LA BANCA SALVA Banche e assicurazioni sono l’altro settore nel mirino della Robin Tax. Anche in questo caso, però, gli effetti della manovra appaiono controversi. Se i tecnici di Tremonti si aspettavano un gettito aggiuntivo dalle Generali di Trieste, resteranno delusi. La compagnia nel 2008 ha contabilizzato in Italia imposte correnti per 90 milioni, a fronte dei 358 del 2007. Evidentemente le maggiori tasse da pagare sulle riserve non hanno compensato la frenata dei margini causata dalla crisi.
Più articolato il discorso sulle banche, per le quali è stata allargata la base del reddito imponibile, riducendo la possibilità di dedurre gli interessi pagati sul denaro preso in prestito e i fondi accantonati a garanzia dei crediti. Dopo la Robin Tax, tuttavia, Tremonti ha dovuto far fronte a un nuovo imprevisto, la tempesta d’autunno sulle banche.
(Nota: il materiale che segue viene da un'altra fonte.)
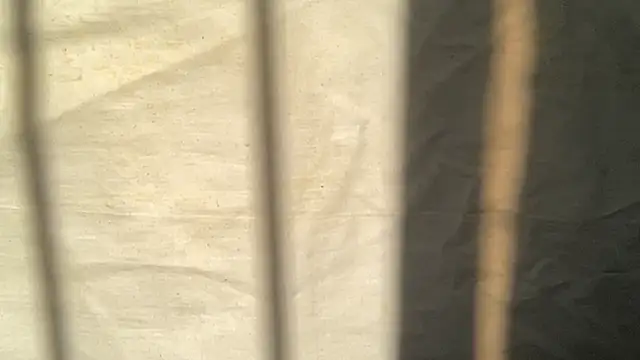 Snapshot of beforeyou69 chatting on November 6, 8:04 am beforeyou69 online show from November 6, 8:04 am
E nel decreto anticrisi di novembre, in cambio di un’aliquota leggermente inasprita, ha reso più rapidamente deducibili una serie di ammortamenti. I bilanci di Intesa Sanpaolo e Unicredit, i due maggiori istituti italiani, rendono bene l’idea degli effetti. Le imposte correnti sono aumentate di 866 milioni per il gruppo guidato da Corrado Passera e di 1,04 miliardi per quello di Alessandro Profumo. Allo stesso tempo, però, grazie alla norma anti-crisi Intesa ha potuto mettere a bilancio futuri benefici fiscali per 2,1 miliardi, Unicredit per 2,4. Alla fine, così, sono tutti contenti. Le banche hanno ricevuto un sostegno essenziale per non far sprofondare l’utile, mentre Tremonti può subito mettere in cassa un po’ di quattrini. Per il futuro, poi, si vedrà.